Subprocesses are generally bad news
Yesterday, I wrote about a confluence of well-meaning features which can create a serious disaster. It's what happens when you have a flag library, a means to change those flags by way of unauthenticated networks, and programs that run subprocesses. I glossed over a bunch of possible tangents in order to focus on that particular hat trick.
Today, however, is about the specific case of running subprocesses. In short, if you can make your system work without them, then do so! "Shelling out" to something else is a fantastic way to open incredibly bad holes in your system and potentially give the entire game away to whoever happens to find it first.
There are too many ways this can go wrong. I will attempt to describe a few of them.
First off, system(). This is a C library call which looks mighty tempting. It lets you run processes just by constructing a string. They run by way of a shell, and so respect PATH. This means you don't even need to worry about exactly where the binary lives. You can just system("git commit -m update") and it'll work well enough to make you think it's safe and good to leave like that forever.
The biggest problem here is that yes, it runs via a shell. Shells love to take all kinds of flexible input and do marvelous things with them. With that in mind, what if I can get you to put certain magic characters into the command? Going based on our git example from above, maybe instead of saying "update" as the commit reason, I can get you to say something I define. What if I tell you the commit reason is this?
foo ; touch /tmp/0wned;
What's going to happen? It's going to call out to this, isn't it?
git commit -m foo ; touch /tmp/0wned;
Congratulations, you just ran my payload.

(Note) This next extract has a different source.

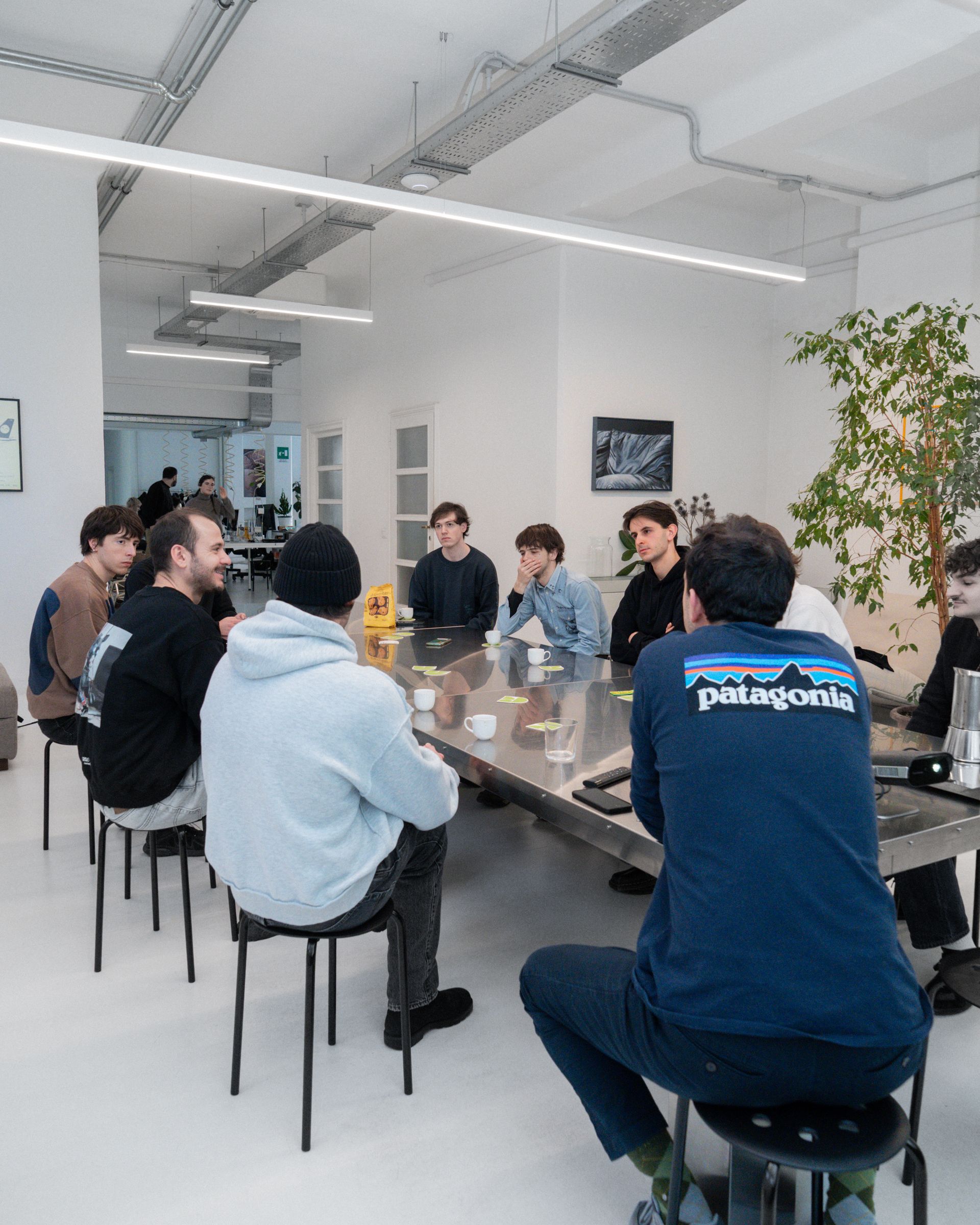 Attendees seated around a table during the Giga studio visit.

"I'll just escape it" is a typical and yet unacceptable response to this. Odds are good that this will get screwed up, and someone will find yet another clever way to inject some command that would benefit them.

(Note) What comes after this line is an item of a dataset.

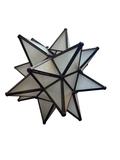 Moravian star candleholder with frosted glass triangular panels and dark metal frame, three-dimensional geometric form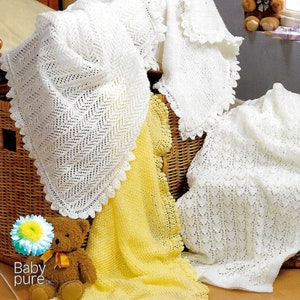 Puede incluir: Tres mantas de bebé de ganchillo blanco con delicados bordes de encaje, una manta de bebé de ganchillo amarilla y un oso de peluche marrón. Las mantas se muestran en una cesta de mimbre.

Maybe you use popen() instead. Assuming we're talking about the C library version here, guess what? You are also going through a shell, and are just as vulnerable. If you build up a command line and allow me to send you arguments, I can probably make you run my payload.
Python has variants on this. The usual popen-alike you find on Python doesn't usually run through a shell, but it can totally be done if you explicitly enable it. This means it might be vulnerable to this kind of injection if someone switched that feature on.
This is the point where you start grepping through your code base for calls to system() and popen() and whatever flag(s) Python uses to send it through a shell. Maybe you'll find something and can close the holes before someone else drives a truck through it. Maybe they already have.
Something like execve() is somewhat better, since you get to specify the target executable separate from all of the arguments, and there's no shell involved. It actually replaces your process with the new thing, so you have to figure out all of the stdin/out/err business, potentially closing outstanding fds, not running afoul of "things to not run after fork and before exec", and all of that fun stuff. It also means you control the environment of the new process, and can exclude a bunch of nasty stuff that might otherwise be provided by an attacker.
Still, if you can swing it, the only way to win this game might be to not play at all. If a program is just calling into a library, maybe you can do that yourself. Besides avoiding the possibility for command injection, and having to deal with forking and execing and doing that correctly, you can just call into it and call it done.
Obviously, this isn't always an option. It's not like you can call into some magic library that'll do what a call to gcc or g++ would otherwise do. There are many more examples of programs which don't exist in terms of user-facing libraries and will only deal with you through their human-facing CLI tools. In those realms, all you can do is wrap the programs and hope for the best.
One thing to consider is the possibility of explicit separation of responsibilities. Maybe you're stuck having to run some other program for some reason. You have no choice in the matter. Well, nothing says you necessarily have to do it inside the same process, right?
To abuse the earlier mention of gcc, one really bizarre approach would be to have something sitting there waiting for the call over loopback (or a Unix domain socket), which would then accept a few well-specified parameterized requests and would then run gcc in a really sparse environment (chroot, "container", that sort of thing) and kick back the results. It could run as a totally different account, too, so if something truly bad happened, it wouldn't have access to much else.
A cheeky name for it might be "RCE as a service".
Of course, now you have a dispatch problem, and a bunch of lurking processes waiting to be discovered and mistreated, and the matter of authenticating/authorizing requests to those dispatchers, and so on. You might wind up trading one set of problems for another.
In any case, take a few things away from this.
First, subprocesses are a code smell. Avoid them whenever possible.
Second, popen() and system() are really hard to use safely.
Third, if you don't need to allow modifying the environment and/or arguments handed to a subprocess, don't let it anywhere near user-supplied data! Make those things run from hard-coded constant strings or something to that effect. Don't substitute, concatenate or otherwise "taint" the future program's argv[] with data from a potential attacker.
Finally, if you can, wall this stuff off in some sort of jail.